A few leftover tidbits from my story in Thursday’s paper about the Baltimore Police Department updating its policy on citizens’ right to record:
One voice I could not fit into the story was Mayor Stephanie Rawlings-Blake’s. The mayor sits on the Board of Estimates, which on Wednesday approved a $250,000 settlement to the underlying lawsuit.
“We have to strike a balance,” she told my colleague, Adam Bednar, following the hearing. “We want to make sure we’re keeping our officers safe, but I’m pretty sure we’ve been clear that the public has a right to film and we’re going to work and make sure we have rules of engagement that everyone knows what, the public knows that they can do it in a certain amount of space and the officers know how to respond.”
“We are [training officers about the public’s right to film] but there’s always more that can be done,” she continued. “I mean ,that’s the type of thing that we need to continue to talk about.

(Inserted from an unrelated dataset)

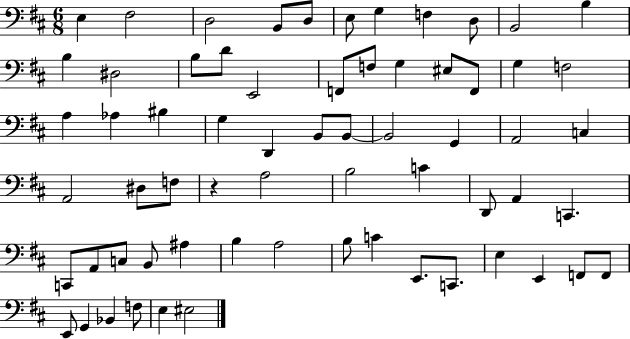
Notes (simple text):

Because it’s usually in the height of a situation that this issue comes up and, you know, the more that you drill that information that ‘This is OK. These are the regulations.’ It will become second nature.”
The new recording policy was released a few days after The Baltimore Sun posted on its website a series of photos showing a city police officer forcibly moving a Sun photographer away from a crime scene.
Police Commissioner Anthony W. Batts declined to discuss the incident Wednesday when asked about it by The Sun’s Luke Broadwater, citing an ongoing internal investigation.
“There are always two sides to each story,” Batts said. “Officers will be held accountable if something done wrong.”
Batts also was asked about the possibility of Baltimore police officers wearing cameras while on duty. It’s an idea Batts knows well; while police chief in Oakland, Calif., he implemented a policy in 2011 requiring officers to wear small cameras while on duty.
Batts said it’s a possibility for Baltimore but that he did not want the city to be the “beta site” for wearing cameras. The cameras raise privacy issues, he said; for example, the media would have access to film taken by police investigating a child abuse incident.
One problem Batts did not mention: Many officers in Oakland still do not wear the cameras.